- [PROBLEM]: Transcribe exactly the span of lines that begins the records and ends with the line holding "Apartment Ajdukovic Vodice Exterior photo", both boundary lines included.

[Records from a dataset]
★ ★ ★ ★ ★
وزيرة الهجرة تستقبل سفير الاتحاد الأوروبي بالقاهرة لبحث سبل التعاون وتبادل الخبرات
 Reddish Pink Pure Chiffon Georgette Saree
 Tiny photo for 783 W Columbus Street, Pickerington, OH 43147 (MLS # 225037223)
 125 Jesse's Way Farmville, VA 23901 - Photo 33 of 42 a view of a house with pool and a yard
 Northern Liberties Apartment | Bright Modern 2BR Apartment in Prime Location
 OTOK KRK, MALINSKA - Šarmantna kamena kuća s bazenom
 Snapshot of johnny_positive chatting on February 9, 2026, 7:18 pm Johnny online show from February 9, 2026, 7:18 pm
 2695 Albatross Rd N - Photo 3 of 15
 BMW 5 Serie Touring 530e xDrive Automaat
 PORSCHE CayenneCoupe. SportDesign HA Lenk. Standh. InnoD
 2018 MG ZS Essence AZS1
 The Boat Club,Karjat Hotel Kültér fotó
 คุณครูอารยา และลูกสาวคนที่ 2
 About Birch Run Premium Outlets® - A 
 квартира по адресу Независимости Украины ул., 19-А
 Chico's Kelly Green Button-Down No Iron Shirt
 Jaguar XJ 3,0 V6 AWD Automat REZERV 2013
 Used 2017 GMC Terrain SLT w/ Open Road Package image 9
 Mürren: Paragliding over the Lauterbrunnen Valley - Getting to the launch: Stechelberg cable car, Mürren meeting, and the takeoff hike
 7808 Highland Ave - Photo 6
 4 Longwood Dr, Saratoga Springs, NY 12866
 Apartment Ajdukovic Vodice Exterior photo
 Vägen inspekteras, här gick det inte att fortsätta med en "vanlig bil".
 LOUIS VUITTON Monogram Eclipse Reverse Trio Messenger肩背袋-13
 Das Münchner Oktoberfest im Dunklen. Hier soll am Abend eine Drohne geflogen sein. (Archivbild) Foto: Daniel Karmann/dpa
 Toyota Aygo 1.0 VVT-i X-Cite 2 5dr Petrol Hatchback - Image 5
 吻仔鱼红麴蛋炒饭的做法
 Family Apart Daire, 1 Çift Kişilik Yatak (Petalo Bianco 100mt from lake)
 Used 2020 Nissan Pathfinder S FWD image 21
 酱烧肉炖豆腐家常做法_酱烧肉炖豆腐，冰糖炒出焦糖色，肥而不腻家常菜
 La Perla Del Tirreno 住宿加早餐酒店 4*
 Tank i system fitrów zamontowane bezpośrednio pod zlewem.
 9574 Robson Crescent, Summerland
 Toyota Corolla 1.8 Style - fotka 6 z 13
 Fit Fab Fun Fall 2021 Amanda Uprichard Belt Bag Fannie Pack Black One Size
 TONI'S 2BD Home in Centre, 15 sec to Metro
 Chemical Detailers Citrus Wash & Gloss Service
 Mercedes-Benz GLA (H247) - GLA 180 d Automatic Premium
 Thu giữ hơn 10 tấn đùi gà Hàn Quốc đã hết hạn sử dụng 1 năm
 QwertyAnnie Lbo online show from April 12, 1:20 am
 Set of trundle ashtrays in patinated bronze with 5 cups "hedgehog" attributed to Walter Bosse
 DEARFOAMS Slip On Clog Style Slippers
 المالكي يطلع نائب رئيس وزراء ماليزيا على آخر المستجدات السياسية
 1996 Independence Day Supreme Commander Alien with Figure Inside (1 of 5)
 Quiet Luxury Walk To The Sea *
★ ★ ★ ★ ★
- [OUTPUT FOR THIS EXERCISE]:
وزيرة الهجرة تستقبل سفير الاتحاد الأوروبي بالقاهرة لبحث سبل التعاون وتبادل الخبرات
 Reddish Pink Pure Chiffon Georgette Saree
 Tiny photo for 783 W Columbus Street, Pickerington, OH 43147 (MLS # 225037223)
 125 Jesse's Way Farmville, VA 23901 - Photo 33 of 42 a view of a house with pool and a yard
 Northern Liberties Apartment | Bright Modern 2BR Apartment in Prime Location
 OTOK KRK, MALINSKA - Šarmantna kamena kuća s bazenom
 Snapshot of johnny_positive chatting on February 9, 2026, 7:18 pm Johnny online show from February 9, 2026, 7:18 pm
 2695 Albatross Rd N - Photo 3 of 15
 BMW 5 Serie Touring 530e xDrive Automaat
 PORSCHE CayenneCoupe. SportDesign HA Lenk. Standh. InnoD
 2018 MG ZS Essence AZS1
 The Boat Club,Karjat Hotel Kültér fotó
 คุณครูอารยา และลูกสาวคนที่ 2
 About Birch Run Premium Outlets® - A 
 квартира по адресу Независимости Украины ул., 19-А
 Chico's Kelly Green Button-Down No Iron Shirt
 Jaguar XJ 3,0 V6 AWD Automat REZERV 2013
 Used 2017 GMC Terrain SLT w/ Open Road Package image 9
 Mürren: Paragliding over the Lauterbrunnen Valley - Getting to the launch: Stechelberg cable car, Mürren meeting, and the takeoff hike
 7808 Highland Ave - Photo 6
 4 Longwood Dr, Saratoga Springs, NY 12866
 Apartment Ajdukovic Vodice Exterior photo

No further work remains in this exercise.